Work to complete: Your task is to transcribe, word for word, the line containing "exterior space featuring" and all lines that follow it to the end of the entries. Leave out the pictures.
START Records for this task
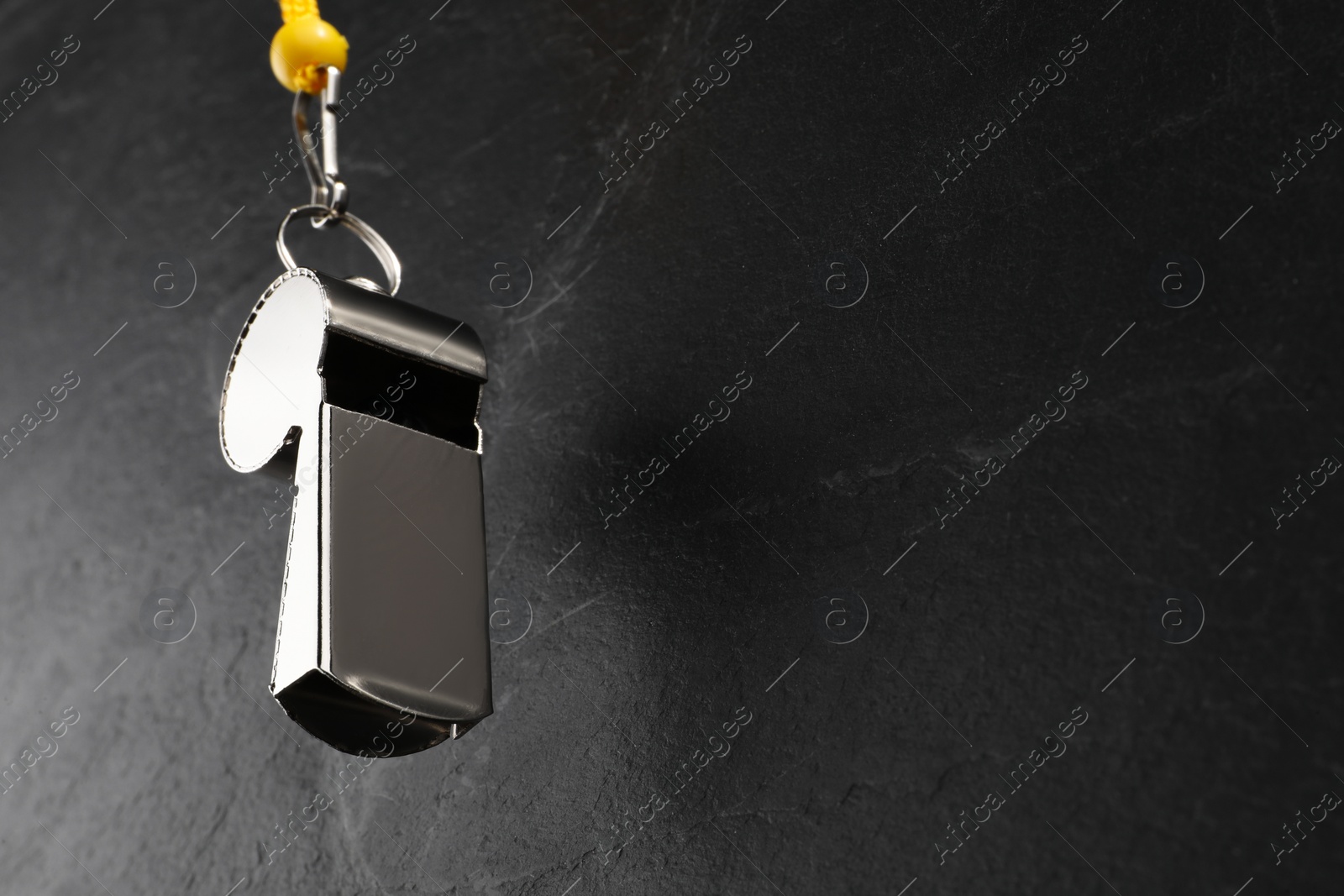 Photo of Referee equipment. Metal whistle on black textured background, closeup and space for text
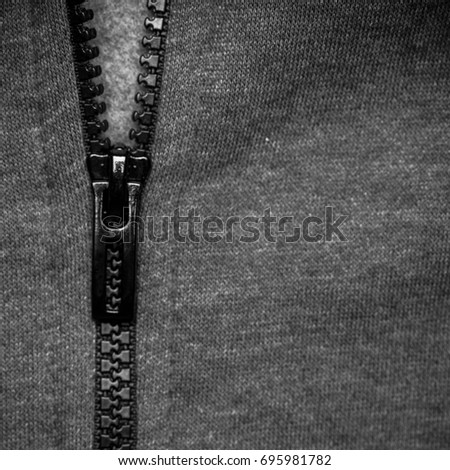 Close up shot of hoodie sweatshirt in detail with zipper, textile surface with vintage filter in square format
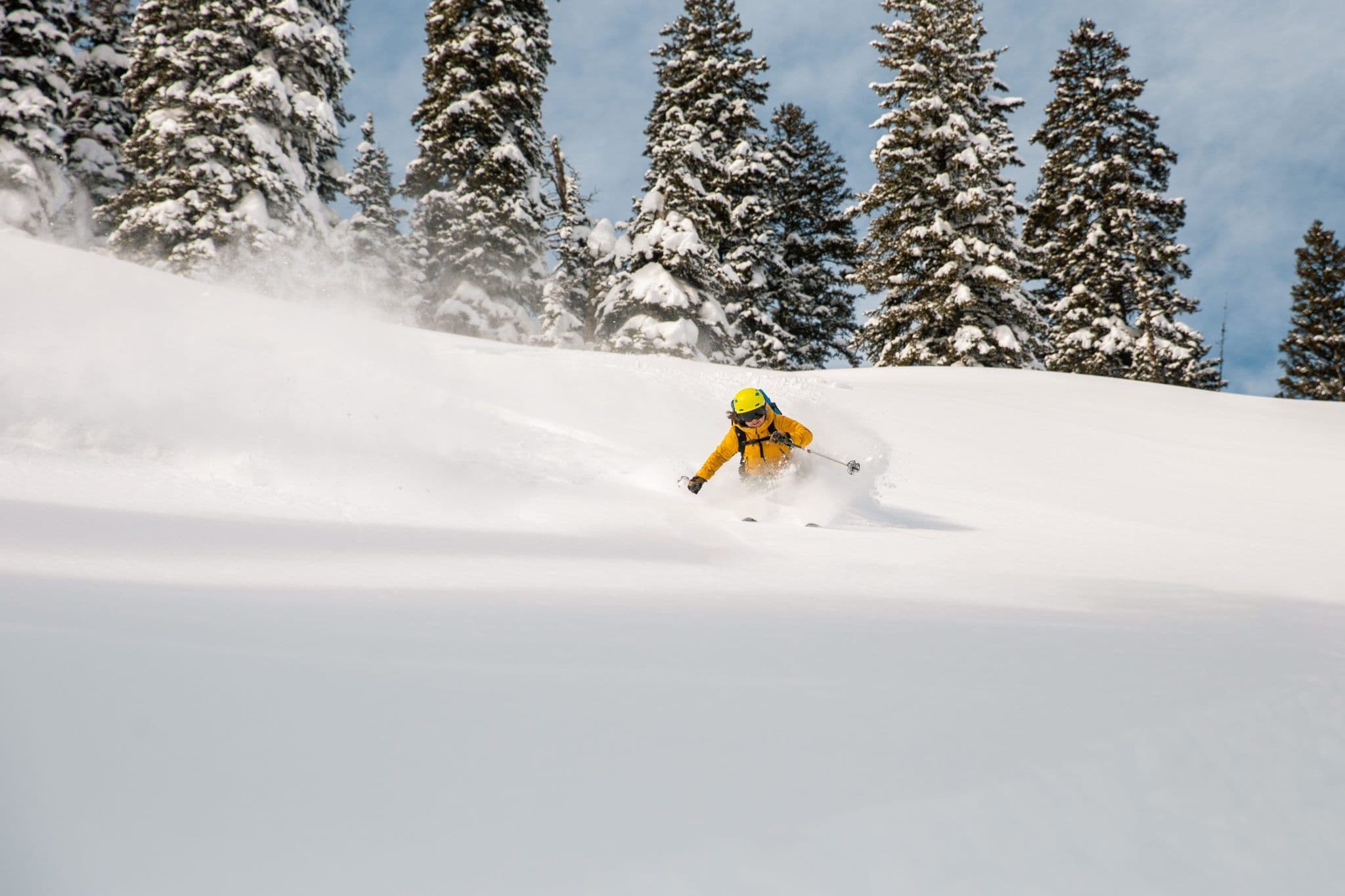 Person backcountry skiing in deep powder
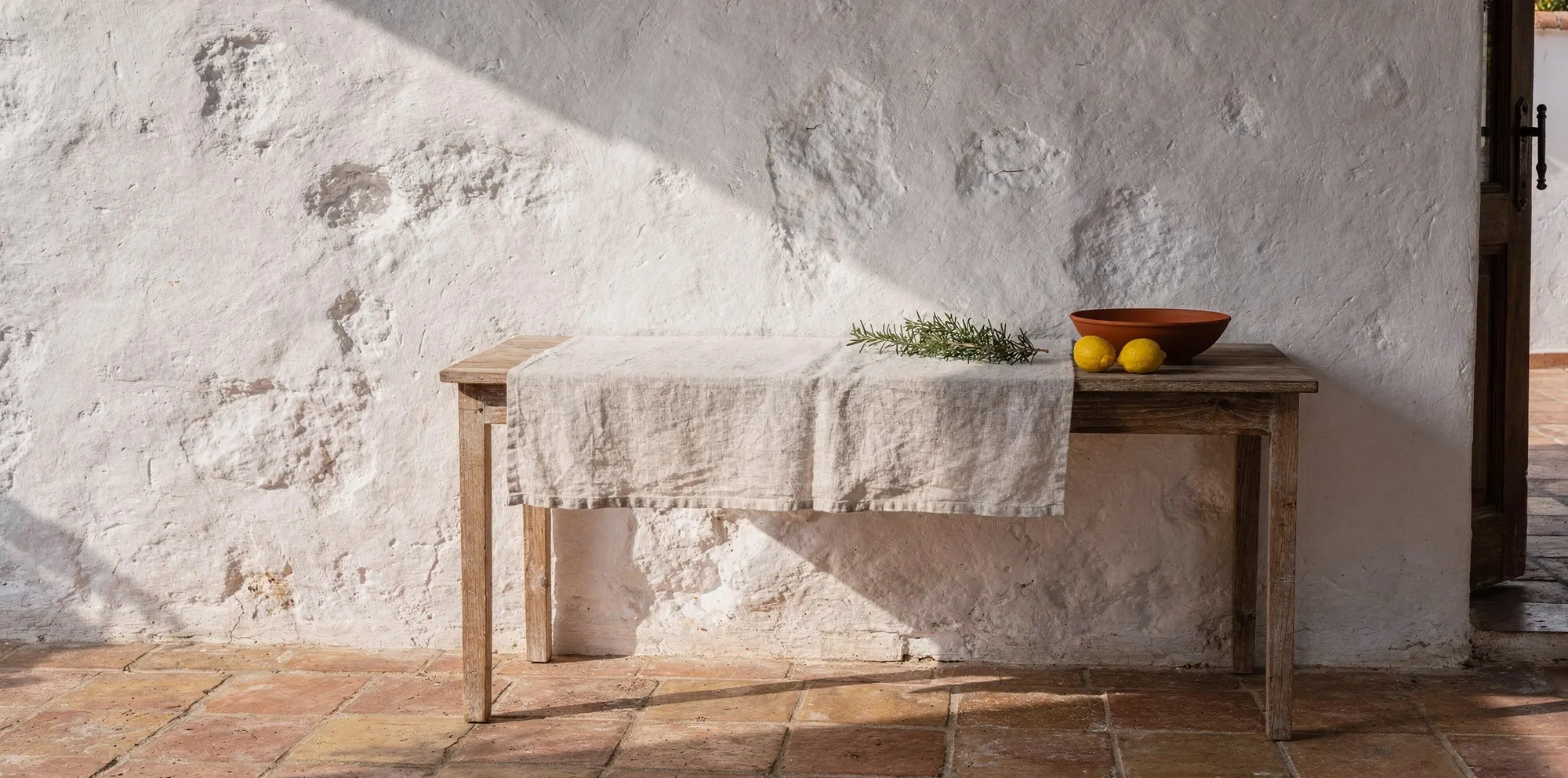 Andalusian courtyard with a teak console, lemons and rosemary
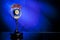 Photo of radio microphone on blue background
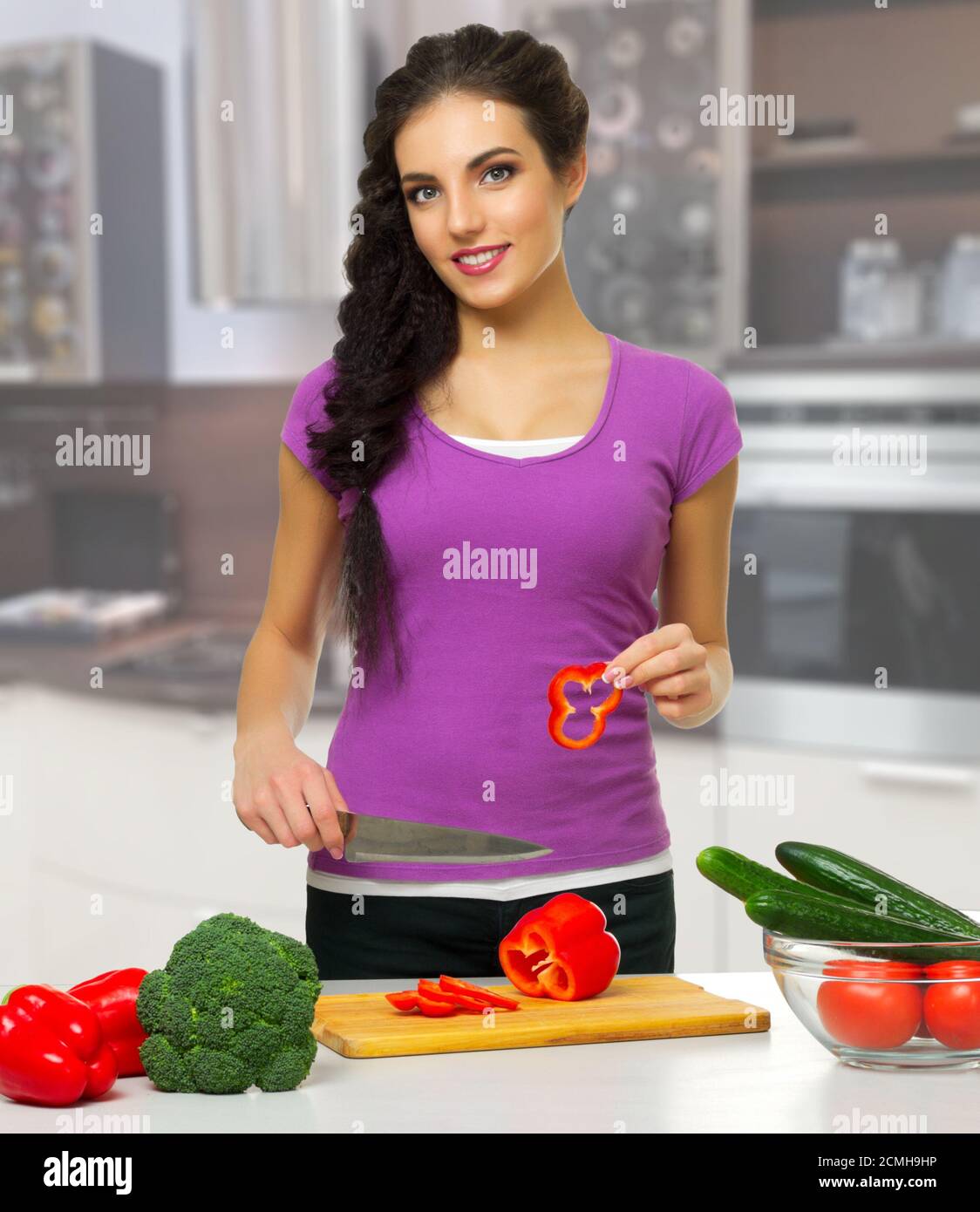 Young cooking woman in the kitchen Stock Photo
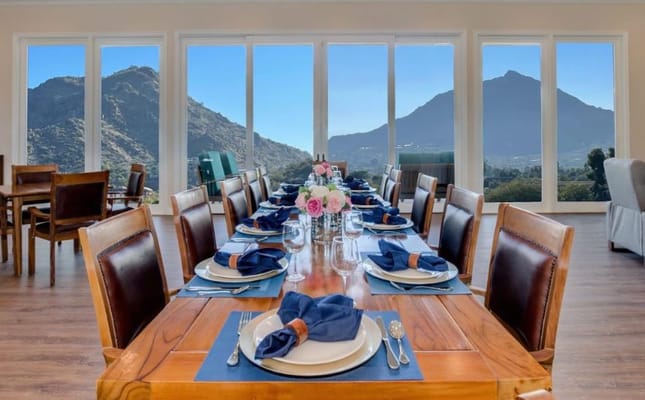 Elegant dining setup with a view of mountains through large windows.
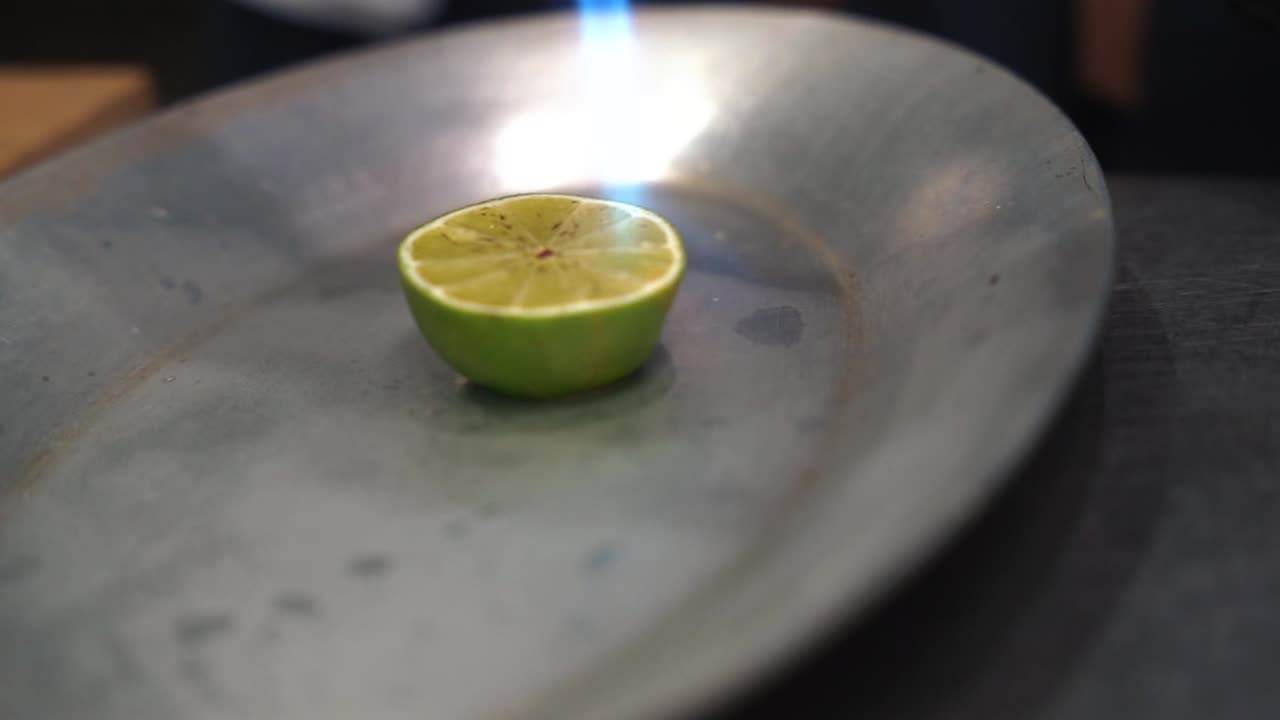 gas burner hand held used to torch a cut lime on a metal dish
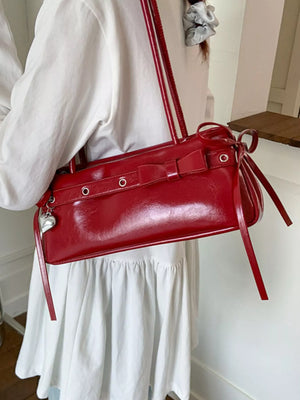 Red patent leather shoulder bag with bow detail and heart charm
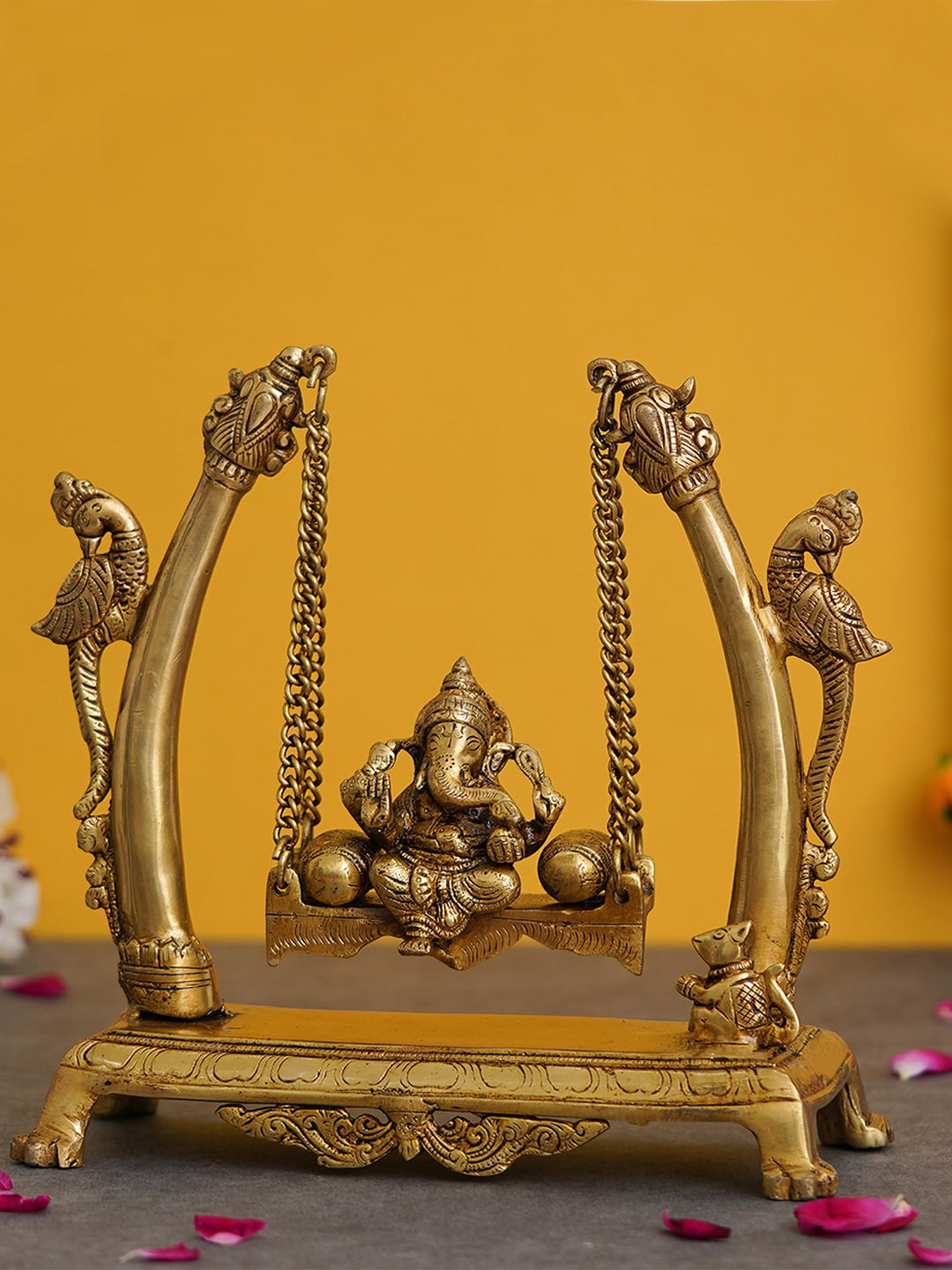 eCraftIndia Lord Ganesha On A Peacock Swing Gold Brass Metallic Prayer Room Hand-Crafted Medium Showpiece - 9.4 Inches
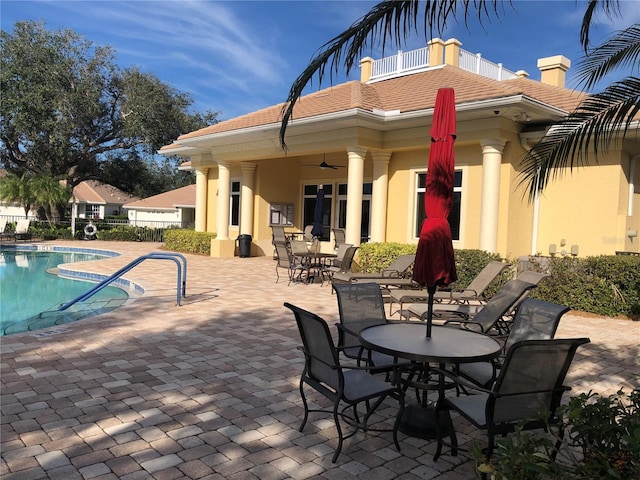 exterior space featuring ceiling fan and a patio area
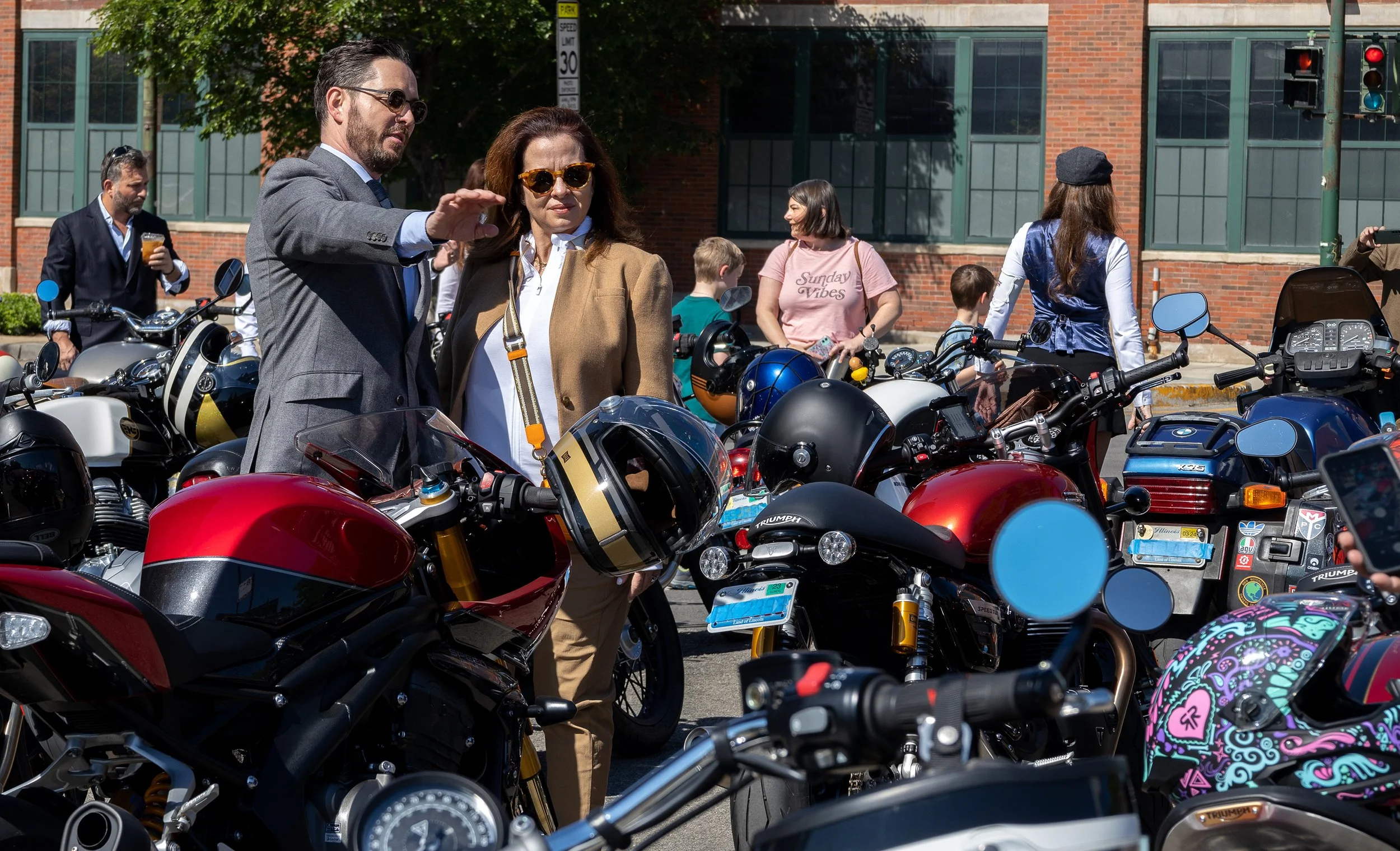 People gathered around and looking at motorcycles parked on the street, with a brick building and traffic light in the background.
END Records for this task
Written solution:
 exterior space featuring ceiling fan and a patio area
 People gathered around and looking at motorcycles parked on the street, with a brick building and traffic light in the background.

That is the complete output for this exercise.